▽

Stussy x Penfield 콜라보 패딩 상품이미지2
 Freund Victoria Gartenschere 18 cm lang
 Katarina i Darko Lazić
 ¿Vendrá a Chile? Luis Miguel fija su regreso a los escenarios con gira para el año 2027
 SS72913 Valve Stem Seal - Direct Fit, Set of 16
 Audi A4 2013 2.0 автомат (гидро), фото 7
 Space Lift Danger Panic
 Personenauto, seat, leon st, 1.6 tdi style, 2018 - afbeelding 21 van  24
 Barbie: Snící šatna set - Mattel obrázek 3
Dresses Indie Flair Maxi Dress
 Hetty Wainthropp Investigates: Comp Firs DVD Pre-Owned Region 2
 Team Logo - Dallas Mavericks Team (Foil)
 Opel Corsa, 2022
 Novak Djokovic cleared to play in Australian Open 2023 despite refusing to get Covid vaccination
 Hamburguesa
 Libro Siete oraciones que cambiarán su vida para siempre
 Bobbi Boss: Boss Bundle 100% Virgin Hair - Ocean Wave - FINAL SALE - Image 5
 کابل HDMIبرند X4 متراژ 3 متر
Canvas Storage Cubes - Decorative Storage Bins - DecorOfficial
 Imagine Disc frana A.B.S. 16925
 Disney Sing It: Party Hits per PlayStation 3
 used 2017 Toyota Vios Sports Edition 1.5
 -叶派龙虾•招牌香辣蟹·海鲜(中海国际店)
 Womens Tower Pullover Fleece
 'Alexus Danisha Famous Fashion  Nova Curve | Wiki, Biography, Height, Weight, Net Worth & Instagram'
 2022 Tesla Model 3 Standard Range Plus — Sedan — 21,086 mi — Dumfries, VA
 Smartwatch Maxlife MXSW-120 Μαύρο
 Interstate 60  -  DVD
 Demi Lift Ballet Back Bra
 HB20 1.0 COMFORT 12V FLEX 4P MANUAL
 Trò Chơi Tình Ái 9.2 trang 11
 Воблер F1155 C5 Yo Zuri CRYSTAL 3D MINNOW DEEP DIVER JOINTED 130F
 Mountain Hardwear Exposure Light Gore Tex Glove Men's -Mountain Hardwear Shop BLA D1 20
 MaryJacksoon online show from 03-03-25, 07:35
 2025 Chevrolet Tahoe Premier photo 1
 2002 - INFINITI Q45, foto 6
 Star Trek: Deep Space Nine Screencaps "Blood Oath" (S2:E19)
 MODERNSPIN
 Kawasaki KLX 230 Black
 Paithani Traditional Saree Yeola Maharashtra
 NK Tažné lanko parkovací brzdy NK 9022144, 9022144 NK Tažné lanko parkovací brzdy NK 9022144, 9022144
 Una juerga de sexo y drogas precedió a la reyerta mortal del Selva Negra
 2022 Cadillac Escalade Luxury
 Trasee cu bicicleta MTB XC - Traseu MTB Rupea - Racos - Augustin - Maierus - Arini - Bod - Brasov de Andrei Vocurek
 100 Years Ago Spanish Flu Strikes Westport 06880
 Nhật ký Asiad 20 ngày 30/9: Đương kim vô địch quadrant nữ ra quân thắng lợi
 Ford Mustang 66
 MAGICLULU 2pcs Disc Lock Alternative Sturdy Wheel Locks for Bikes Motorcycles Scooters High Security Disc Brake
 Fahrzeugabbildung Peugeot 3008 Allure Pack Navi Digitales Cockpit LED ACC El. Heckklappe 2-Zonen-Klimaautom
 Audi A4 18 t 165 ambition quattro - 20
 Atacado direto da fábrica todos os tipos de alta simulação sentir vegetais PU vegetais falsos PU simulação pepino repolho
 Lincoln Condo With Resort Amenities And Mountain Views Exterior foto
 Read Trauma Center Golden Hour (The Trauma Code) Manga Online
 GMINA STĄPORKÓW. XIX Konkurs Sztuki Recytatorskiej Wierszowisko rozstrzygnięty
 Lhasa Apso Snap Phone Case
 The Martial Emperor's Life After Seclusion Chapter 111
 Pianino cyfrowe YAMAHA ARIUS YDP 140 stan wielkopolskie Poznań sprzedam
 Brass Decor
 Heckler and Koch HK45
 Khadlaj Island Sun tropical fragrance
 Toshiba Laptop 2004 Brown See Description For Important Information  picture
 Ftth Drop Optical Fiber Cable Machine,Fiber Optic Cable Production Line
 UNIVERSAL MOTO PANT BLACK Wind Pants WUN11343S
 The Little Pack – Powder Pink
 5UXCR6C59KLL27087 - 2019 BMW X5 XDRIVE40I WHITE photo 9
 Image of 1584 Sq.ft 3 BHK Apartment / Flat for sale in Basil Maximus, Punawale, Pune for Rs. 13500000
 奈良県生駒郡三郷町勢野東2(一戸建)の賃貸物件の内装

△

**TASK TO COMPLETE:** Print the line with "5UXCR6C59KLL27087 - 2019" and every line after it in the entries above, exactly as written. Leave out all other lines.

**OUTPUT:**
 5UXCR6C59KLL27087 - 2019 BMW X5 XDRIVE40I WHITE photo 9
 Image of 1584 Sq.ft 3 BHK Apartment / Flat for sale in Basil Maximus, Punawale, Pune for Rs. 13500000
 奈良県生駒郡三郷町勢野東2(一戸建)の賃貸物件の内装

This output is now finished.